If we are ever going to be accepted as the artists the best of us are, we need to understand the importance of the meanings of the words we use to describe our work.

BELOW IS THE WIKIPEDIA DEFINITION OF A PORTRAIT. Read is and think about it.

Portrait is a painting, photograph, sculpture, or other artistic representation of a person, in which the face and its expression is predominant. The intent is to display the likeness, personality, and even the mood of the person. For this reason, in photography a portrait is generally not a snapshot, but a composed image of a person in a still position. A portrait often shows a person looking directly at the painter or photographer, in order to most successfully engage the subject with the viewer.

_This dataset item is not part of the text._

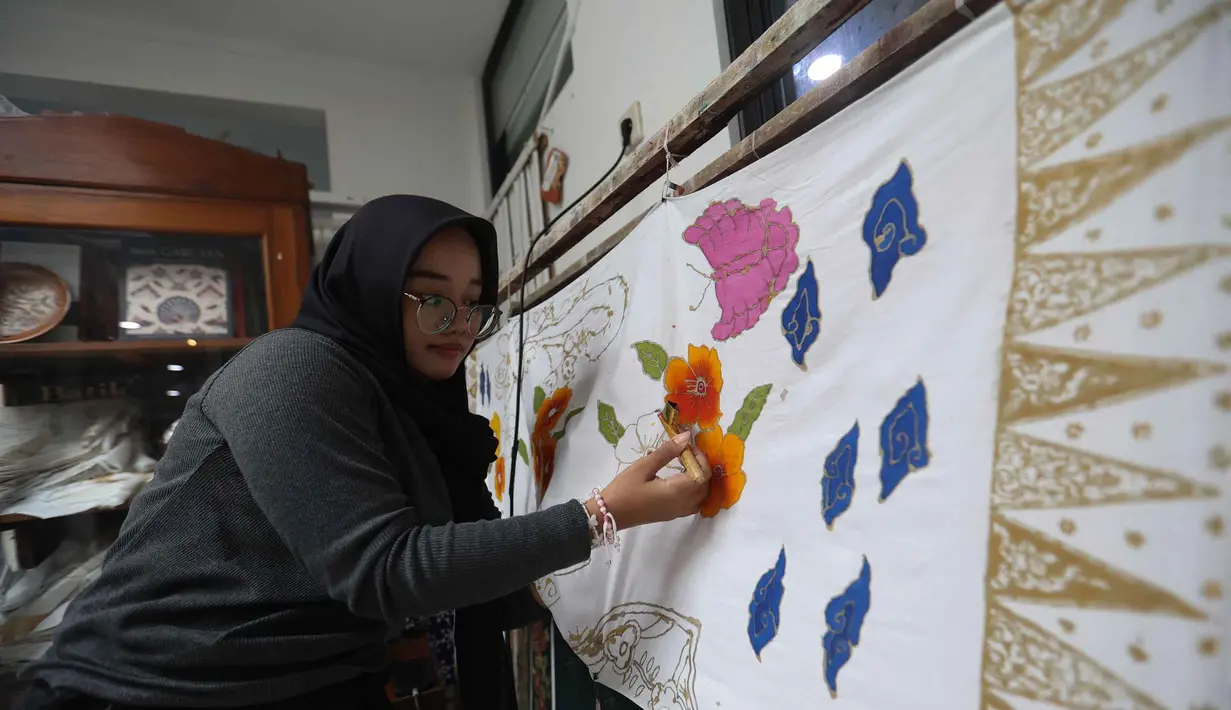 Diprakarsai oleh Budi Dwi Hariyanto, Rumah Batik Palbatu didirikan pada 2 Oktober 2013. (Kapanlagi.com/Budy Santoso)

Does this in any way describe what we do?

Tom

J Larson
09-09-2011, 01:59 PM
I prefer to call it "living art"...
J

Tomwilllight
09-09-2011, 02:14 PM
Jaret,

That's a really good start!

Are there other ways to describe what we do in a meaningful/ Tweetie kind of way?

Tom

steveparrott
09-09-2011, 03:13 PM
Tom, I agree, portrait is not a good word for us. Even "painting with light" doesn't do the work justice. Painting is a one-time event - it doesn't convey the constantly changing play of light and shadow in the evolving landscape.

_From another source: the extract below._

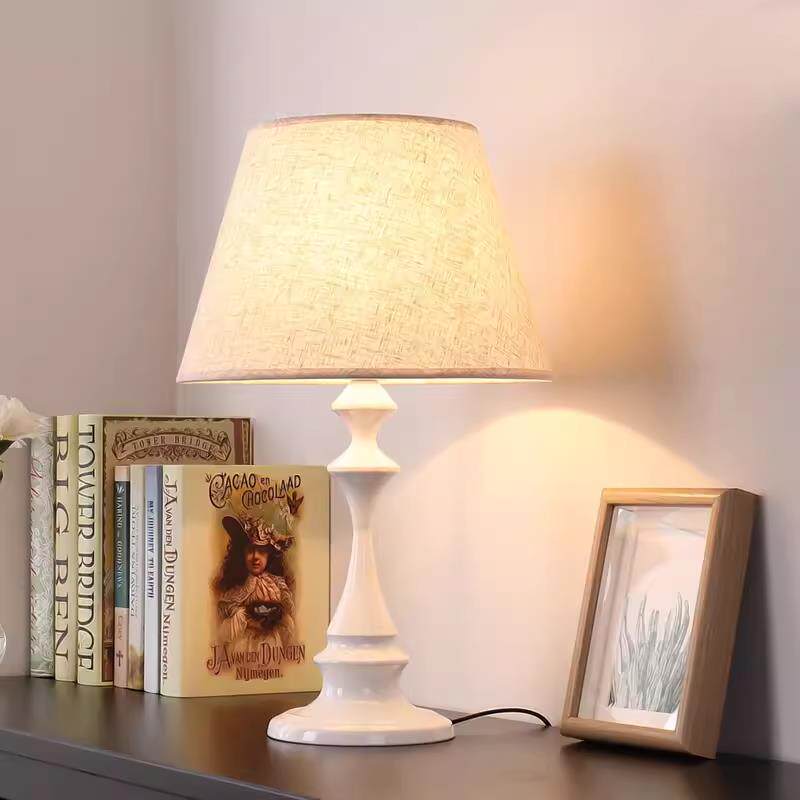 高档美式意台灯北欧式复床古卧室头柜灯简约客个性创可调光厅台灯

The lighting designer injects light sources into a landscape. This starts a process of luminous creation that changes every evening, that brings ever-new visual experiences. Truly remarkable - a creative process of renewal, rediscovery, and evolving relationship.

Hard to put words to what landscape lighting designers do. Maybe, "Creating living works of light".

Tomwilllight
09-09-2011, 03:16 PM
Steve,

I like "Creating living works of light" too!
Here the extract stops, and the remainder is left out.